Prof. Dr. Doğan Kantarcı « Le rapport d’expertise mis devant vous, n’est acceptable ni scientifiquement, ni d’un point de vue éthique pour la science. Cette mine d’or, détruira Artvin, il n’y a pas d’autre issue. J’ai honte des scientifiques qui peuvent rendre un tel rapport. »
Prof. Dr. Oğuz Kurdoğlu : « Les investissements qui ne sont pas écologiques, ne peuvent pas être économiques. Le projet de Cerattepe sera une vraie destruction écologique. C’est la première fois que nous rencontrons un rapport d’expertise qui ne donne pas d’avis. Ce rapport, fait référence à des expertises commerciales précédentes, mais il n’y a aucune référence à des rapports scientifiques fournis. » a‑t-il dit en ajoutant des exemples d’erreurs se trouvant dans le rapport.

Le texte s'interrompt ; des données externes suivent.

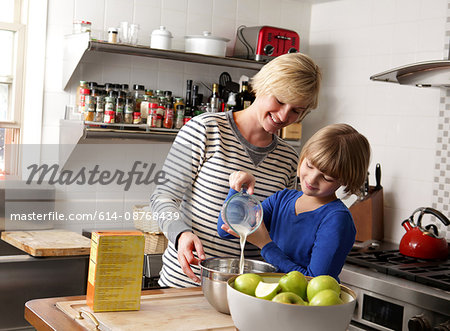 Mother and daughter in kitchen preparing food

L’avocat de Cengiz Holding, a pris parole à son tour, et demandé tout simplement l’annulation du procès.
Au bout de 6 heures, l’avocat de la partie civile Bedrettin Kalın, a demandé une récusation de juge, en déclarant : « Il y a un déploiement policier exceptionnel à Artvin. Parce qu’ils savent quelle décision sortira de ce procès, ils prennent des précautions pour étouffer les réactions que la décision va provoquer. Tous les juges qui ont pris des décisions positives pour Cerattepe ont été retirés de leurs fonctions. Nous connaissons les raisons. Nous pensons que le tribunal a perdu sa neutralité et nous refusons donc ce tribunal. »
Suite à cette déclaration, la partie civile, ses avocats et les soutiens ont quitté la salle d’audience.
Bedrettin Kalın a annoncé à la sortie du Tribunal : « Nos droits d’accès au tribunal et à la Justice étant empêchés, il n’est pas possible ni sensé de chercher Justice ici. »
A suivre donc, même si, dans cet état d’urgence en Turquie, on sait que le “droit” est la dernière des priorités.